So, my friend, please enjoy the Bagel-fuls® as the pinnacle of bagel achievement you so clearly believe them to be. Philistine.

* * *

On the other side of the Israelite/Philistine coin, do not make a manhattan with Kedem brand sweet vermouth. I had the aforementioned drink at a wedding last weekend, and there is really a difference that no maraschino cherry can cover up.

Lament, Lauds, etc.

[Note: I started this post this morning before The Pedant blogged.]

There are no excuses for our lack of blogging. It's not like we've eaten bad food lately. On the contrary, it's been quite good. Perhaps life has gotten in the way? Perhaps we have become bored with blogging? Both untrue, both lame excuses.

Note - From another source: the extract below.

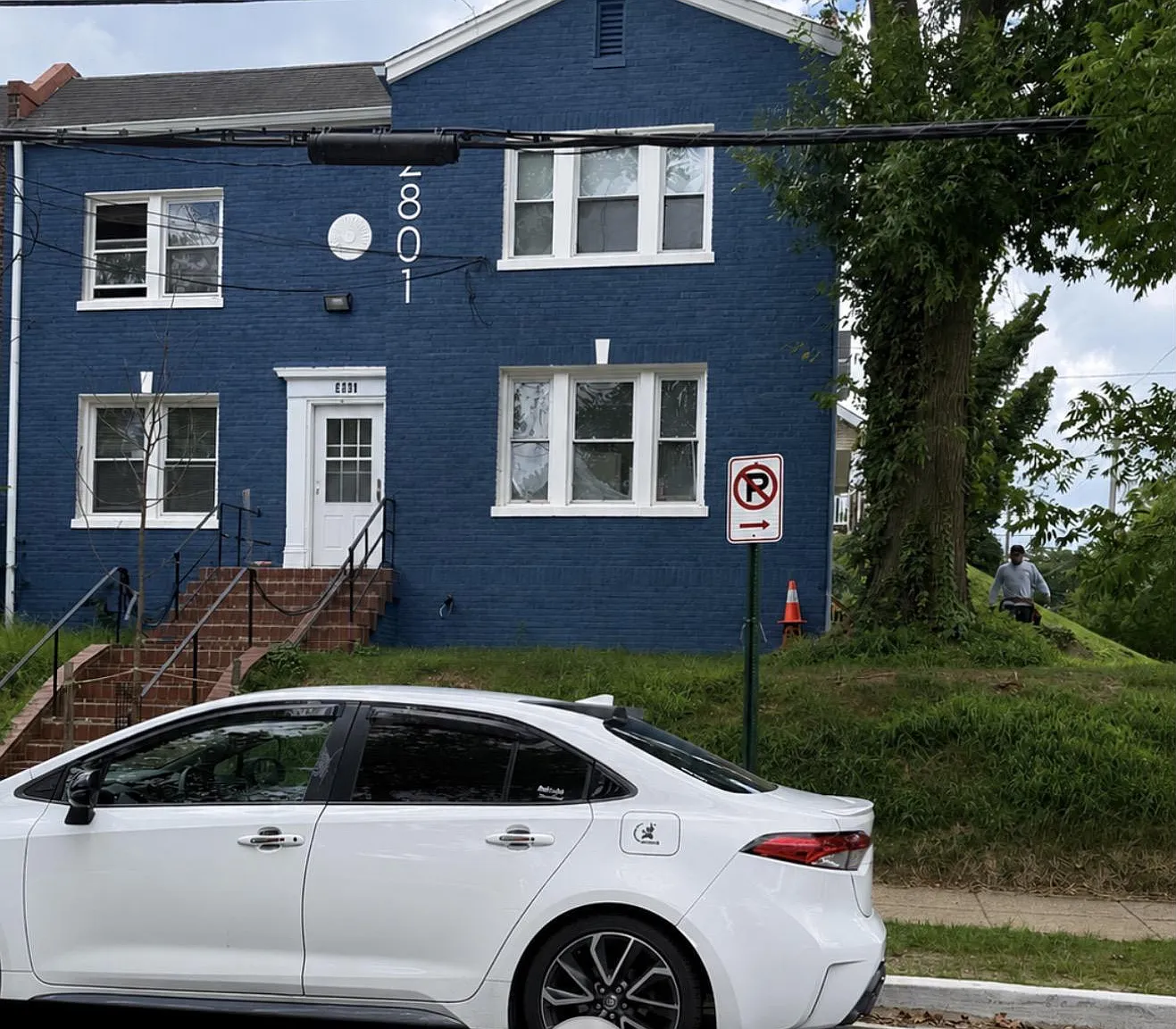2 bed, 3220 sqft, $2,600 — Photo 1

So, I find myself blogging again. I will both lament and laud several things.

First the lament:

At a lovely wedding this weekend, really it was lovely, there was only one problem: trio deserts! The Pedant and I are sick of trio deserts. It is not Iron Chef! You are not running a tasty restaurant in Alexandria! Give me many or give me one! Also, no wedding cake. I want frosting dammit! However, the deserts were very tasty and they had little truffles with a ganache that was probably frosting.

Now onto the lauds:

Iced Coffee: I have begun making iced coffee for the warmer summer days for work. I just double brew the coffee, fill with ice and milk and splenda and when I get to work it's delightfully cold. I am super smart. Best idea ever.

Summer Salads from Vegetarian Times: Last week for dinners, TP and I made 2 "summer salads" from VT, and orzo and an Asian noodle. Both were incredibly light and tasty. Hooray!

Tuesday, May 27, 2008

I Pity the Pot au Feu!

Man, we just keep hitting it out of the park with Fresh From the Vegetarian Slow Cooker. Today we did a vegetarian pot au feu, and found it not only a delicious dish, but one that could easily survive our last-minute food hacking as we realized we didn't have the ingredients quite right. No cabbage? Canned mushrooms! Used the Costco fresh green beans in the shakshuka? We've got canned! It's served with toast and a recommended sauce made with sour cream, which makes it even more delicious.

Monday, May 26, 2008

Brunch 2: The Brunchening

Yesterday the Sherbs and I made brunch for about ten people. Our menu, revealed now that the guests are no longer surprised by our cooking ability:

1) Mini Fritatta from our super-difficult vegetarian cookbook. This recipe puts sauteed leeks and cubed sweet potato into an egg/feta mixture, then bakes them in muffin tins. They were crumbly, but delicious.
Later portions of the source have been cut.